You can't really compare the 8% increase in benefit to a market rate of return. They are two different animals.


The uncompounded 8% for 3 years is the same as 7.4% compounded for 3 years. Still not a bad rate for a guaranteed increase.
 
The uncompounded 8% for 3 years is the same as 7.4% compounded for 3 years. Still not a bad rate for a guaranteed increase.

I agree but just wanted to make clear that the 8% isn't compounded. The larger point which is a common misconception is that the 8% annual increase in your benefit is an 8% "return"... it isn't and your "return" from delaying receiving benefits really depends on how long you collect and will be negative if you die early.

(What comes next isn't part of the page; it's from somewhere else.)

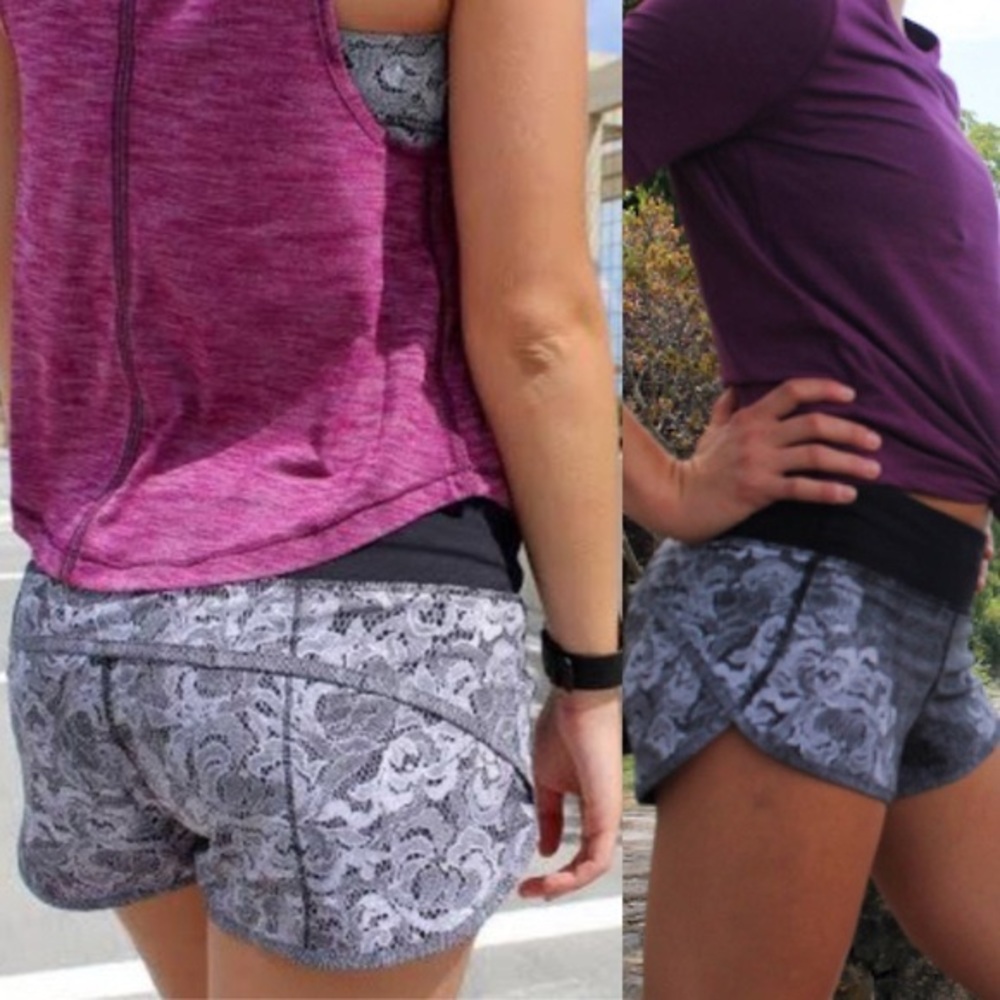 RARE Lululemon Florence Lace Speed Shorts! size 6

Thems the chances that you take.
 
No. Its an entitlement program, not a welfare program.

It is true that benefits are slighly skewed to lower earners as a result of the bend points in the benefits program, it is a subtle welfare component.

Unlike traditional welfare programs, Social Security is not based on a needs test. It is an entitlement program, meaning those who contribute through payroll taxes are entitled to receive benefits upon meeting eligibility requirements (age, disability, etc.).

The majority of Social Security funding comes from dedicated payroll taxes, not directly from general tax revenue. This differentiates it from programs funded solely by the government.

Benefits are calculated based on lifetime earnings, reflecting a connection between contributions and benefits. This differs from welfare programs that provide assistance based on need regardless of past contributions.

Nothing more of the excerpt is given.